Top row: the original image and landmark. Bottom row: 3D face model and its alignment to the 2D image

The next challenge is to reconstruct 3D faces in large poses. To solve this problem, the researchers use High-Fidelity Pose and Expression Normalization (HPEN) method, but only for normalization of the pose and not expression. Also, Poisson Editing is used to recover the occluded area of the face due to the angle.

Performance Comparison with Other Methods

The performance of PIFR method was evaluated for the face reconstruction:

in small and medium poses;
large poses;
extreme poses (±90 yaw angles).

For this purpose, the researchers used three publicly available datasets:

AFW dataset, which was created using Flickr images, contains 205 images with 468 marked faces, complex backgrounds and face poses.
LFPW dataset, which has 224 face images in the test set and 811 face images in the training set; each image is marked with 68 feature points; 900 face images from both sets were selected for testing in this research.
AFLW dataset is a large-scale face database, which contains around 250 million hand-labeled face images, and each image is marked with 21 feature points. This study used only extreme pose face images from this dataset for qualitative analysis.
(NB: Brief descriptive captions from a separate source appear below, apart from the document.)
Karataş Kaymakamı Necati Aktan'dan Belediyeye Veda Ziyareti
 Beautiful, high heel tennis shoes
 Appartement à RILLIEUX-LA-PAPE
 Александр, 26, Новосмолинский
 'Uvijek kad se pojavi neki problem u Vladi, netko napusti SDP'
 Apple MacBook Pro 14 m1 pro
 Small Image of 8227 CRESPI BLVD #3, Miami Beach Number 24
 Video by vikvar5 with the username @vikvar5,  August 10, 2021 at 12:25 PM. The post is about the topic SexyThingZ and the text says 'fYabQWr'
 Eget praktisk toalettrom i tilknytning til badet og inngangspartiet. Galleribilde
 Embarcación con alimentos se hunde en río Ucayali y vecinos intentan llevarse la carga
Quantitative analysis. Using the Mean Euclidean Metric (MEM), the study compares the performance of PIFR method to E-3DMM and FW-3DMM on AFW and LFPW datasets. Cumulative errors distribution (CED) curves look like this:

Comparisons of cumulative errors distribution (CED) curves on AFW and LFPW datasets

As you can see from these plots and the tables below, PIFR method shows superior performance compared to the other two methods. Its reconstruction performance in large poses is particularly good.

Qualitative analysis. The method was also assessed qualitatively based on the face images in extreme poses from AFLW dataset. The results are shown in the figure below.

Comparison of 3D face reconstruction: (a) Input image; (b) FW-3DMM; (c) E-3DMM; (d) Suggested approach

Even though half of the landmarks are invisible due to extreme posture, which leads to large errors and failures of other methods, the PIFR method still performs quite well.

Here are some additional examples of the PIFR method performance based on the images from the AFW dataset.

Top row: Input 2D image. Middle row: 3D face. Bottom row: Align to 2D image. — Top row: Input 2D image. Middle row: 3D face. Bottom row: Align to 2D image

Bottom Line

A novel 3D face reconstruction framework PIFR demonstrates good reconstruction performance even in extreme poses. By taking both the original and the frontal images for weighted fusion, the method allows restoring enough face information to reconstruct the 3D face.

In the future, the researchers plan to restore even more facial identity information to improve the accuracy of reconstruction further.